I don't know about setting the forum jump location, but we'll look into it and talk about it. As for your sig, it's a very lovely red x - are you sure the image you're linking to is there?

We'll also look into the equipment list option for you.


----------



## Chris Blount (Jun 22, 2001)

I'm looking into placing the forum jump at the top right now.


----------



## Mark Lamutt (Mar 24, 2002)

Ok, we've been busy this morning 

You now have a "DBS Equipment" line that you can fill out in your user profile. To access it, click on user cp, and then on profile. It's at the bottom of the page. For now, we have decided not to add it to the user listing to the left of the posts. That requires some pretty significant html coding and quite a bit more space than we really want to take. But, the information will show up if you click on a user profile. 

Let us know what you think.


----------



## geneb11 (Mar 24, 2002)

> I don't know about setting the forum jump location, but we'll look into it and talk about it. As for your sig, it's a very lovely red x - are you sure the image you're linking to is there?
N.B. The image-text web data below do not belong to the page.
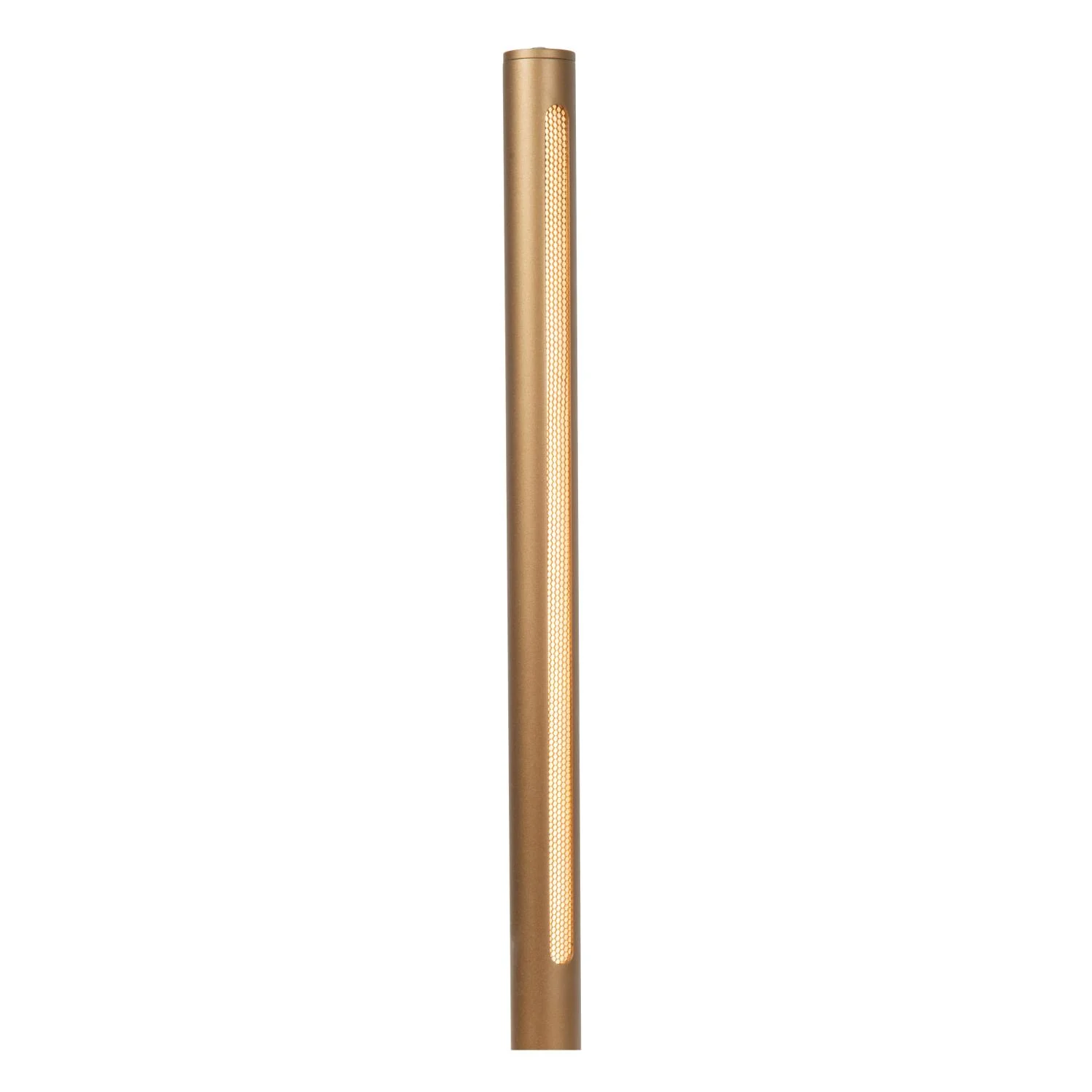 Lucide GRIFFITH - Stojacia lampa - u00d8 21 cm - LED tlmenu00e1. - CCT - 1x18W 2700K/4000K - bronzovu00e1 | Pru00e9miovu00e9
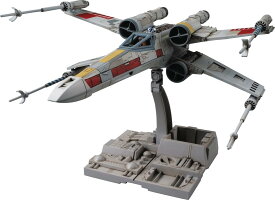 9月再販分 スター・ウォーズ 1/72 Xウイング・スターファイター 色分け済みプラモデル(新パッケージ版)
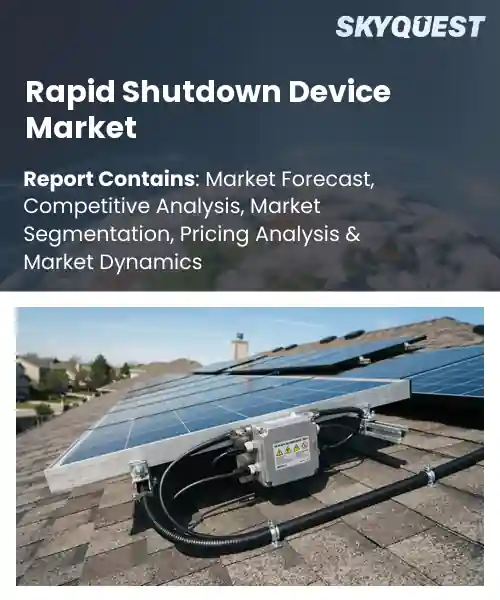 Rapid Shutdown Device Market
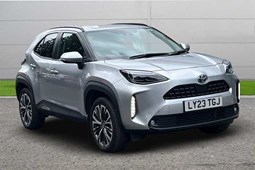 Toyota Yaris Cross SUV (21 on) 1.5 Hybrid Excel AWD 5dr CVT For Sale - Brayley Honda Orpington, Orpington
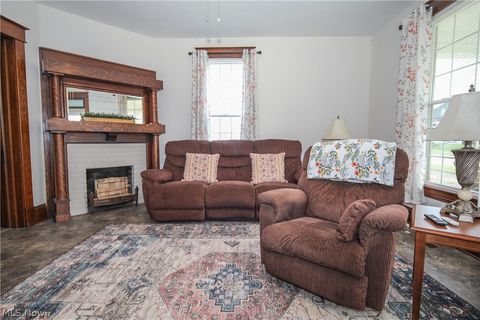 Tiny photo for 204 W Marietta Street, Woodsfield, OH 43793 (MLS # 5202582)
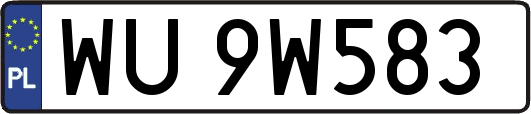 WU9W583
I don't know what you mean about a lovely red x. It's showing up fine for me. here's the addy for the button: http://community.webtv.net/geneb11/Images/scrapbookFiles/importD45.gif
It is a clickable image to link to my webpage. Maybe I have to put an alt in the code. Is it showing up for anybody else? :shrug:


----------



## John Corn (Mar 21, 2002)

I can't see it gene. I can't get to your link either, probably because it is a web tv link.


----------



## geneb11 (Mar 24, 2002)

Well I put an alt in my sig and I did forget the /a in the end of the code. I do use webtv to access. If the code isn't compatible it wont be much use. let me know of the results. If it doesn't work I guess I'll have to change it. :shrug:


----------



## Chris Blount (Jun 22, 2001)

Geneb,

Apparently the pic is behind WebTV's firewall. Anyone not on WebTV can't see it. You need to place the picture in a publically accessable directory.


----------



## Mark Lamutt (Mar 24, 2002)

Gene,

I clicked on your link and it came back with the message that I'm not authorized to view that page. That's a webtv issue - ie you can view your stored images from inside the webtv community, but not from outside. I don't know what to tell you...Anyone else have an idea how to get around this?


----------



## geneb11 (Mar 24, 2002)

No kidding. Well another M$N let down. I'm not surprized. If you can't see it No problem I'll take it out. Too bad cool page with some good links. I'll have to think of something else. Free pagebuilder Ya for webtv only I guess. What a bummer!


----------



## Chris Blount (Jun 22, 2001)

> _Originally posted by geneb11 _
> *I would like to see the forum jump at the top of the page. I know most groups have them at the bottom. maybe it is not an option.I hope this sig is ok it is a small button img. let me kfnow it is a problem. I like the setup of this site. alot more options. oh ya how about equipment list like at avs forums in your profile. *


Done! Thanks for the suggestion.


----------